She’s been at it again, the clever Mrs L, with her felting hobby, making this lovely wreath from un-spun wool.
But where did the Christmas wreath tradition start, and where does the Robin fit in to the Christmas tradition?
The keeping of an Advent wreath is a common practice in homes or churches. The concept of the Advent wreath originated among German Lutherans in the 16th Century. However, it was not until three centuries later that the modern Advent wreath took shape. The modern Advent wreath, with its candles representing the Sundays of Advent, originated from an 1839 initiative by Johann Hinrich Wichern, a Protestant pastor in Germany and a pioneer in urban mission work among the poor. In view of the impatience of the children he taught as they awaited Christmas, he made a ring of wood, with nineteen small red tapers and four large white candles. Every morning a small candle was lit, and every Sunday a large candle. Custom has retained only the large candles.

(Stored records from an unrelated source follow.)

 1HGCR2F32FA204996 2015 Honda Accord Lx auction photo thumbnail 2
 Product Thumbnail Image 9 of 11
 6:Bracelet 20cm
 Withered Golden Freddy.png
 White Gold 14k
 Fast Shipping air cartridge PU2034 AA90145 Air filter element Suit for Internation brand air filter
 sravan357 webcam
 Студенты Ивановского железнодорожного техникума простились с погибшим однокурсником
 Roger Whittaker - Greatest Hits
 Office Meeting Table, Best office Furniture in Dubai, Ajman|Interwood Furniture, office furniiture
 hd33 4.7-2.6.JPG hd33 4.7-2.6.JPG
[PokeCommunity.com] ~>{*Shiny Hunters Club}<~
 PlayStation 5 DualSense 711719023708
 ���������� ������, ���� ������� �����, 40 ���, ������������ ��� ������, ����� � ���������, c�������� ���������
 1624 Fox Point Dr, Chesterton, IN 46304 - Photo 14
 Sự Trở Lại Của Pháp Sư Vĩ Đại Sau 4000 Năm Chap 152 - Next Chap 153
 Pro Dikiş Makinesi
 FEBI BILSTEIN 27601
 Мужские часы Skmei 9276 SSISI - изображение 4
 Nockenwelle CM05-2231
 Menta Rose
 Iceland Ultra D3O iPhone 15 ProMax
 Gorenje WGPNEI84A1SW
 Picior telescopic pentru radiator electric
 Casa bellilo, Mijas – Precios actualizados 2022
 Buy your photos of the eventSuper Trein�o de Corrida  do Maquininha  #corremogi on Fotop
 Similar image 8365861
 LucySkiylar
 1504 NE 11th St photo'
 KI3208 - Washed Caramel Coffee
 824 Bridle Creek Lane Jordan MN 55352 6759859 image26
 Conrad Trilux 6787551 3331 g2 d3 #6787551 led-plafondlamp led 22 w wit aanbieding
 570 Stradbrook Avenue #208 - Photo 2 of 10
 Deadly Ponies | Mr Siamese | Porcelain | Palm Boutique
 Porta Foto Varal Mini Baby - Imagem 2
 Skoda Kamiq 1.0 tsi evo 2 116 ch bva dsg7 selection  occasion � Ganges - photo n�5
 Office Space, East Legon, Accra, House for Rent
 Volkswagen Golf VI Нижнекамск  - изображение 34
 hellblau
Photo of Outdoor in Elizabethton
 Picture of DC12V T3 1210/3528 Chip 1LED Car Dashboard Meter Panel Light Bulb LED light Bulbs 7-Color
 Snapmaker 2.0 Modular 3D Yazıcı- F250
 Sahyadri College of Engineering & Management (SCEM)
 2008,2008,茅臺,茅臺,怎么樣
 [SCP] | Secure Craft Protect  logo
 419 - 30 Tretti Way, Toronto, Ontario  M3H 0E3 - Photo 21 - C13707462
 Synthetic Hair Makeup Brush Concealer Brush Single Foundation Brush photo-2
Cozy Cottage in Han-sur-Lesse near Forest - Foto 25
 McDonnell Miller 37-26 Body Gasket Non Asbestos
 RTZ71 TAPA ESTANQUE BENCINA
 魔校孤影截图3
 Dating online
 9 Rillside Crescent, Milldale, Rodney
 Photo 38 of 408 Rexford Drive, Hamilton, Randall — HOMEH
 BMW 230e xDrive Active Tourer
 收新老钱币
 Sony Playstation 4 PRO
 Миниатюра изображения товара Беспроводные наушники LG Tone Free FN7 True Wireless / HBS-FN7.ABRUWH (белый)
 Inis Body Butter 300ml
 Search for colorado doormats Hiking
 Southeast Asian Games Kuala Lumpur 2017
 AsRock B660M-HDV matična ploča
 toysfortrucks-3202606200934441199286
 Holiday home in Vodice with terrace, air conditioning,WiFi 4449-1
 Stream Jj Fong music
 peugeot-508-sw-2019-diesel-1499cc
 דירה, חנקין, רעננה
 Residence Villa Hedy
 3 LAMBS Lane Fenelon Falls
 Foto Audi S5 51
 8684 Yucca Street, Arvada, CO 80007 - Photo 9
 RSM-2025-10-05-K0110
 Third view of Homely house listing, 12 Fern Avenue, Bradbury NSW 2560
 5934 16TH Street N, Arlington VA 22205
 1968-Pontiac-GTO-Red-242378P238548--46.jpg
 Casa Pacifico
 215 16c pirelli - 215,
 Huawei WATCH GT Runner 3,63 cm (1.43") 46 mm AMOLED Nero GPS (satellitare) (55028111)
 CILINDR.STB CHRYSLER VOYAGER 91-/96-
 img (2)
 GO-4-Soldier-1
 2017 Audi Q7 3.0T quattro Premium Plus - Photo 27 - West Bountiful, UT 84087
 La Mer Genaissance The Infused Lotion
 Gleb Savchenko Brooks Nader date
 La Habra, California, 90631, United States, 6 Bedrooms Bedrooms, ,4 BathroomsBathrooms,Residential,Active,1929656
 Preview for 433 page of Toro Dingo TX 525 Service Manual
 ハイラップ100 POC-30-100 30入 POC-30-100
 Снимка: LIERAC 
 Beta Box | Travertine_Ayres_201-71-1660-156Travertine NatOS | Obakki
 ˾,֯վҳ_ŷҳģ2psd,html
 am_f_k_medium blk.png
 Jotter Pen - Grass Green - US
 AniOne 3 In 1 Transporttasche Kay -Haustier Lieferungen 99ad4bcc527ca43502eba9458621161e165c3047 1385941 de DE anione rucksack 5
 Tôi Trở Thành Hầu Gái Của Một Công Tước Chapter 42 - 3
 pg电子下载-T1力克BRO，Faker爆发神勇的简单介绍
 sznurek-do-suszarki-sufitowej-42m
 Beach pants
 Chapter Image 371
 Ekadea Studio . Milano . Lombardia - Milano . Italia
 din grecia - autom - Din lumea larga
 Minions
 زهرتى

And the history of Robins? – There are quite a few legends surrounding robins and their relation to Christmas and winter as a whole. For example, have you ever wondered why we see depictions of robins on everything from cards and wrapping paper, to Christmas jumpers and biscuit tins? The first legend takes us back to Victorian times, where the tradition of sending Christmas cards started. Royal Mail postmen, who wore bright red uniforms, delivered these cards. This earned them the nickname of ‘robin’ or ‘redbreast’. Artists usually illustrated Christmas cards with pictures relating to the delivery of letters, such as post-boxes or the postmen known as ‘robins’, and eventually started drawing the familiar little brown and red bird delivering letters instead of the postmen. This trend caught on and became very popular, and continues to this day, with many robin-themed items being seen on supermarket shelves during the festive period.